··· Supplied data ···

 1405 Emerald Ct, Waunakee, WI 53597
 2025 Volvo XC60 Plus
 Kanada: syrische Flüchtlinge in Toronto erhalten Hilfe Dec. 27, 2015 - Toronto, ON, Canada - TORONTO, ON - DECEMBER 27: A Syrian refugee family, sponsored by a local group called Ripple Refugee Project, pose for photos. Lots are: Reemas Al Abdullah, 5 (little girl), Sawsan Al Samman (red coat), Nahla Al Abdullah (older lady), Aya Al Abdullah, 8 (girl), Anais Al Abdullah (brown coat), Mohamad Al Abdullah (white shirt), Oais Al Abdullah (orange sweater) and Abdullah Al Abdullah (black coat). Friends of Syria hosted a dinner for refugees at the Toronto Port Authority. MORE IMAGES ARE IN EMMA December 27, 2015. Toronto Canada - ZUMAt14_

···

# Directions for this task
Restate word for word the lines above, beginning at the first one and ending at the line that carries "2025 Volvo XC60 Plus".

# Solution
 1405 Emerald Ct, Waunakee, WI 53597
 2025 Volvo XC60 Plus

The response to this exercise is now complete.